15時17分、パリ行き(2018年製作の映画)
3.9
「イーストウッド監督の至った境地 リアリティを越えた究極のリアル!」

これはとても意見が分かれる作品ではないかと感じました。ストーリーの起承転結などはほぼないです。しかしながら自分は、とても楽しめました。

まずメインキャストの3人を本人自身が演じているという情報は観る前に知っておいてよかったです。

この手の「実話」を題材にしている良さは、ストーリーに説得力を付加できる強さだと思います。嘘ではなく、本当にあった事なんだという。その「リアリティ」が観るものを巻き込む事ができるだと思います。

そして本作は「本人」たちが演じる事により、その言葉や会話のやりとり全ての説得力が上乗せされてます。本当にこんな会話んしたんだろうなという「リアリティ」を越えた「リアル」が描かれています。

映画の大半はテロリストに立ち向かった一瞬の判断をした若者たちがどんな人達だったのかという人間性の深掘りが映画の大半を占めています。

正直ストーリーはないに等しく、何も知らずに観たら退屈と言われたら退屈なものです。なぜなら一般の人の人生そのものを描いているからです。

もちろんお芝居ではないので伏線と言われるような伏線なんてものもないです。強いて言えばその判断に至った人格を作った人生そのものが伏線と言えるだけでしょう。

直前のヨーロッパ旅行など意味あるのかとも思えますが、そんな普通の一般人が乗り合わせたという偶然であり、もしかしたら我々も乗り合わせるかもという終盤の緊迫感を引き立てます。

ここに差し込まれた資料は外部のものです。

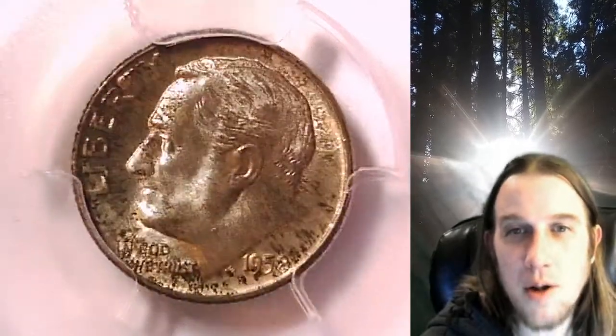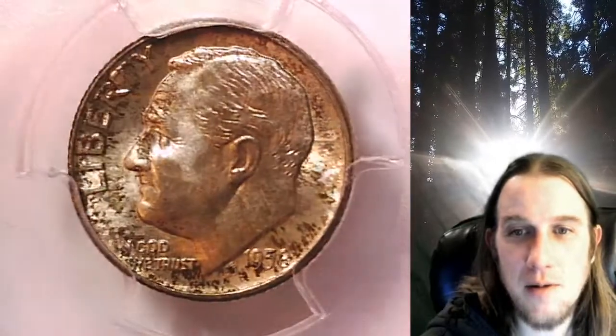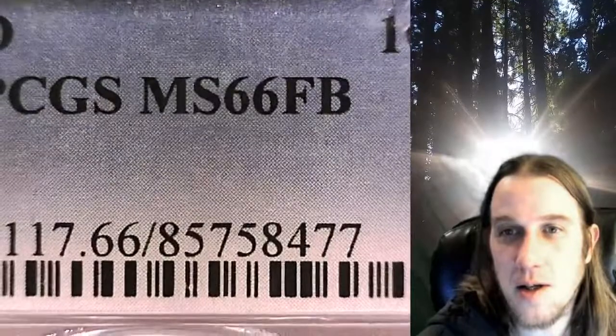Welcome to Time Traveler's Coin Exchange. The next coin we're going to take a look at is a 1858-D Roosevelt dime. This is a business strike dime from the Denver Mint. It has been graded by PCGS and they graded it Mint State 66 with full bands.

徹底的にリアルにこだわっており、彼らが観光した場所、着ていた洋服まで忠実に再現しているようです。さらには彼らだけでなく最後の列車に居合わせた乗客、駆けつけた警官まで本人に演じさせたらしいです!

その映像の強さたるや!

一般人だから演技とか大丈夫か?という心配もあるかもしれませんが、そこは問題ないです。そこは監督の手腕でしょうが、言われないと気づかなかったという人も多いくらい自然です。

そしてエンディングのまとめ方も最高でした!そう来たか!とつい感極まってしまいました。

個人的には前情報で観方が変わったのでオススメです。